++++ Raw data ++++

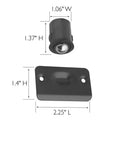 2 Pack Metal Drive In Closet Ball Catch In Matte Black Finish For Modern Doors Zinc Construction With 2.25 By 1.4 Inch Size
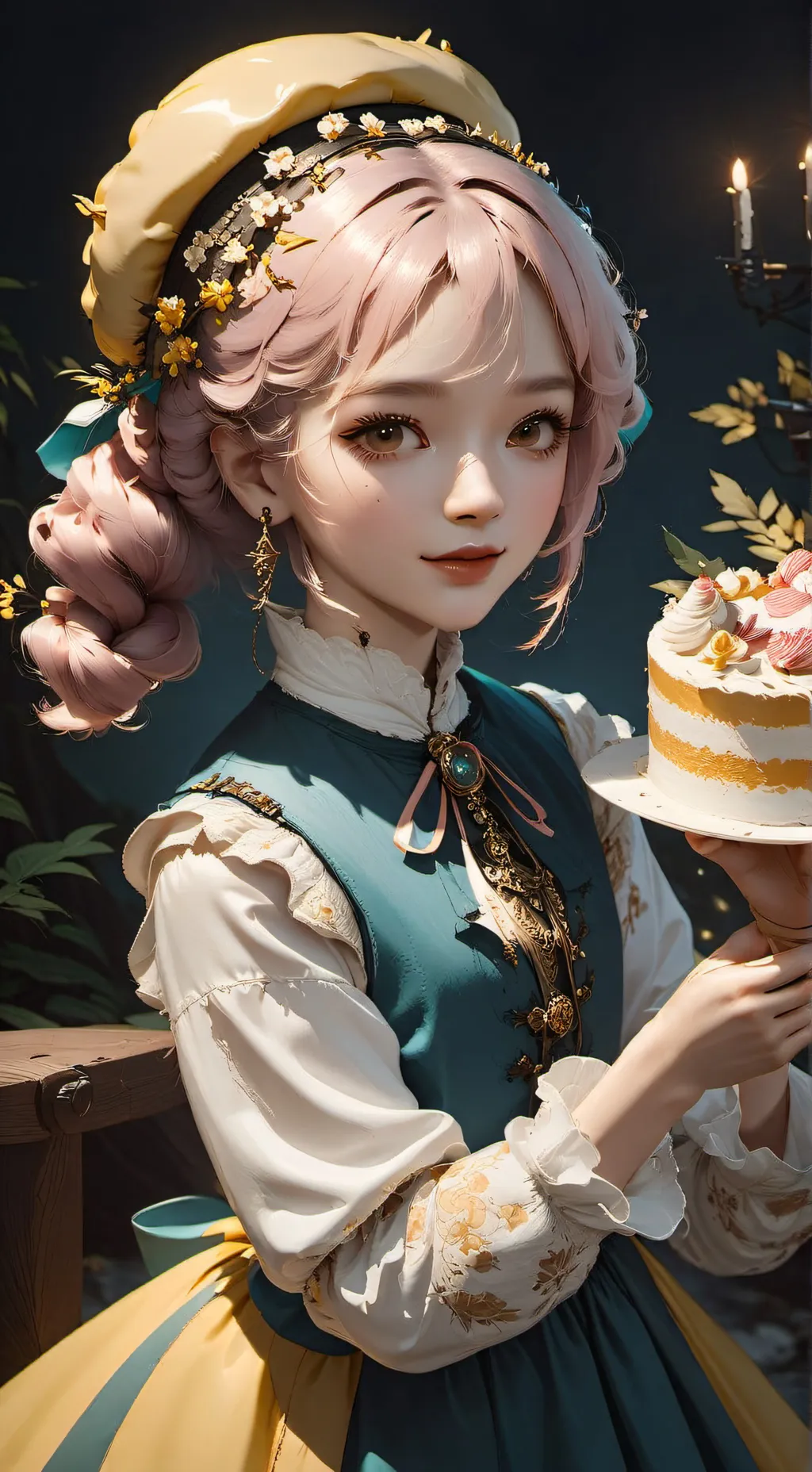 ai character: Rainbow/Betty background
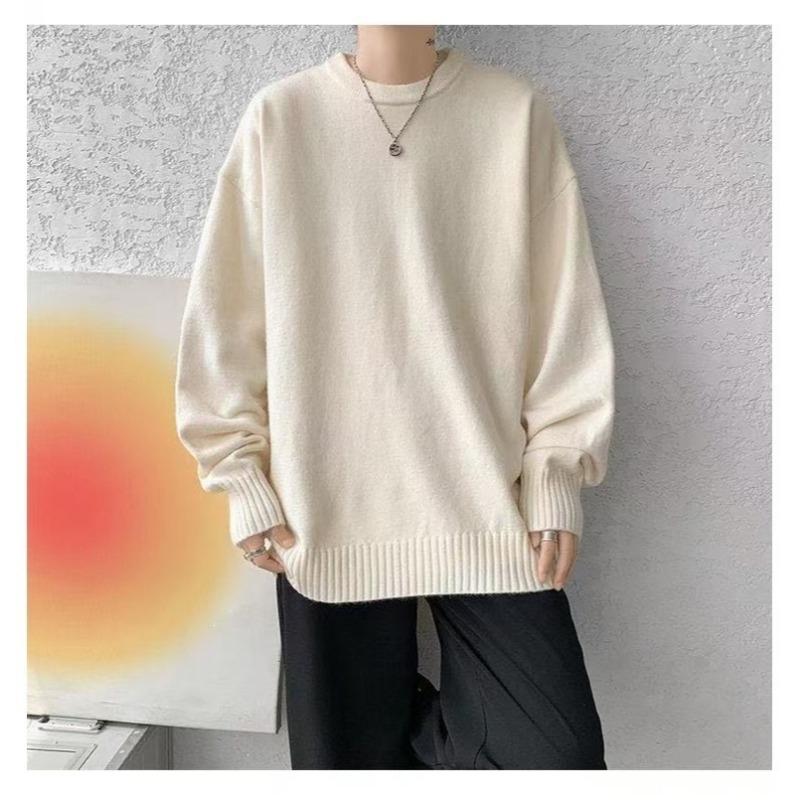 Men S Loose Vintage Knit Sweater Winter Casual Pullover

++++

● Work request
A word-for-word transcription of the listing is needed, minus its images.

● Result for this task
 2 Pack Metal Drive In Closet Ball Catch In Matte Black Finish For Modern Doors Zinc Construction With 2.25 By 1.4 Inch Size
 ai character: Rainbow/Betty background
 Men S Loose Vintage Knit Sweater Winter Casual Pullover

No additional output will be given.